In much the same way that accounting reconciles transactions, the best practice for attribution is to constantly (and proactively) reconcile revenue with your marketing touches. The goal of attribution is to optimize your marketing budget allocation so you can focus on the channels that have the biggest impact on conversions; MQLs, SALs, pipeline and revenue. These attribution models are designed not only to provide acknowledgement to marketing efforts, but also to measure the effectiveness of marketing campaigns and channels.

What is B2B Marketing Attribution?

Marketing attribution lets you see how individual channels are performing, how they relate to your overall marketing ROI, and more importantly, make decisions based on the data you can use. By evaluating marketing data and identifying specific channels and activities that have the greatest impact on revenue growth, assets can be optimized to maximize their returns. Attribution models not only provide marketers with credibility, but also help measure the performance of different campaigns and channels.

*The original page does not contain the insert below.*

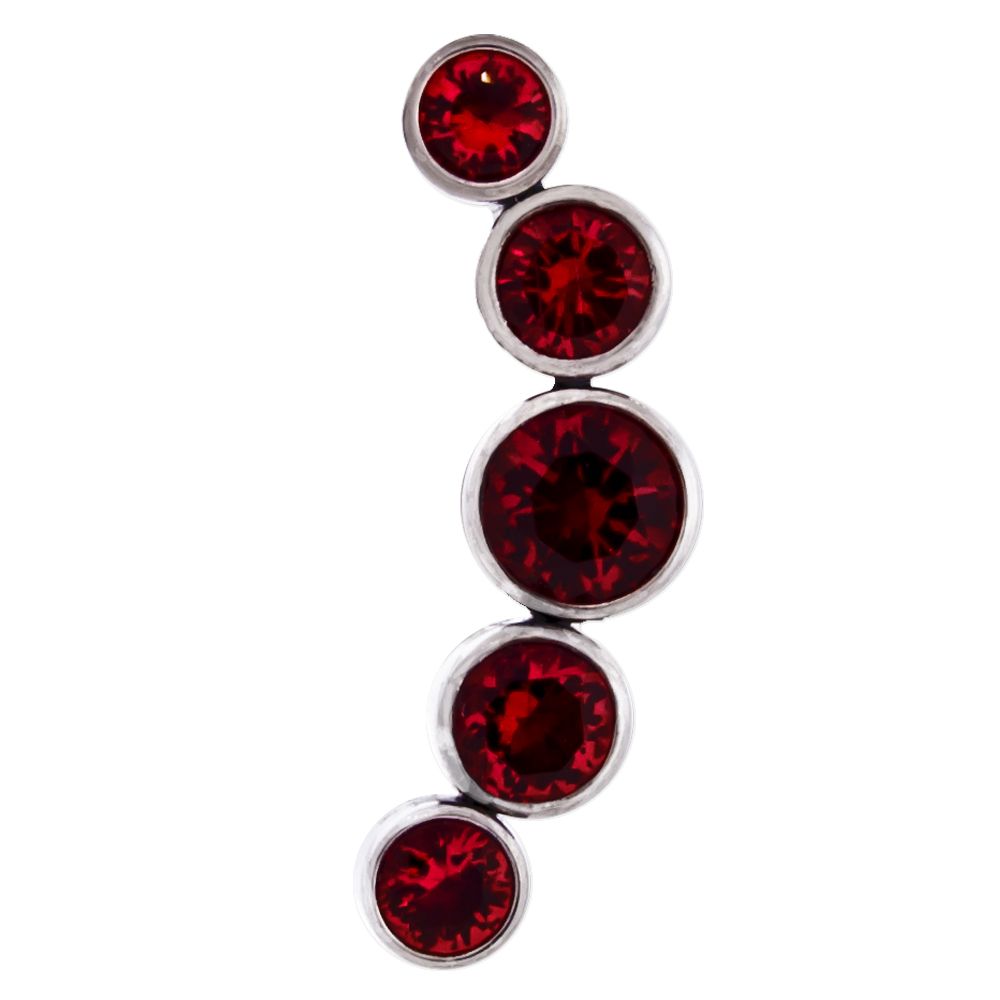 Body Jewelry Parts Threadless Titanium 5 Gem Crescent Cluster  - 1 Piece -Rebel Bod-RebelBod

Marketing attribution solutions when used properly, take the touchpoints that generate the most value, make data-driven budgeting decisions, and most importantly, expand the profitability of your marketing campaigns. Revenue marketers take a broader approach and see attribution as part of the marketing puzzle.

A marketing platform can help you use attribution data to predict future results, actively helping you optimize your budget allocation to meet your KPIs. Software as a service companies have their own specific needs for a revenue attribution platform. Here’s a typical CEO question: why should I invest more in demand generation rather than hiring three extra sales representatives? To answer this question, you need an attribution model to track the success of your marketing programs in creating opportunities for your business.

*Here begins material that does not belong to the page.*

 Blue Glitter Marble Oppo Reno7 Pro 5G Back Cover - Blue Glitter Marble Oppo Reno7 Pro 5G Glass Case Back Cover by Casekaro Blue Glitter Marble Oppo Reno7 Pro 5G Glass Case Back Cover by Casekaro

In B2B, you can measure attribution at the lead level and at the account level. For B2B marketers, linking all of the marketing touchpoints for a given account is an important part of attribution credit when converting an account.

Measuring B2B marketing is difficult because the purchase cycle of most B2B products is long (3-12 months) and involves multiple decision makers and many touchpoints before any deals are made. During a long B2B sales funnel, a decision maker can tap into many of your marketing efforts.

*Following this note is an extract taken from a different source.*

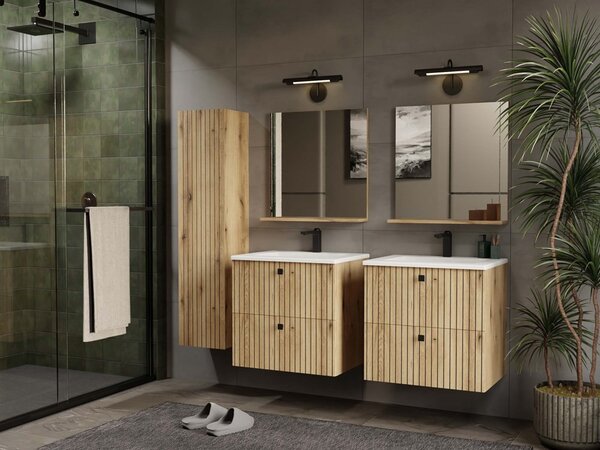Dulap de baie suspendat Terca 1 (stejar evoke). Promo -18%. 1133034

Finding the right revenue attribution match for your business is just as important has having a process in the first place.

Common Types of Attribution Models


By shortening the entire customer journey to a single interaction, the one-touch attribution model bypasses marketing efforts that impact leads further down the funnel.

It is either first touch, where all the credit goes to whichever channel first brought in the lead or the last touchpoint, whichever channel the lead last engaged with before converting. It’s flawed in that it can be rare in B2B and specific industries that there is only one touch, but it’s also better than nothing.


To solve the one-touch inefficiency, data is simplified and aggregated from all channels, thereby providing insights into the various touchpoints that occur along the buyer journey. However, managing the huge amount of data from countless marketing channels can be overwhelming.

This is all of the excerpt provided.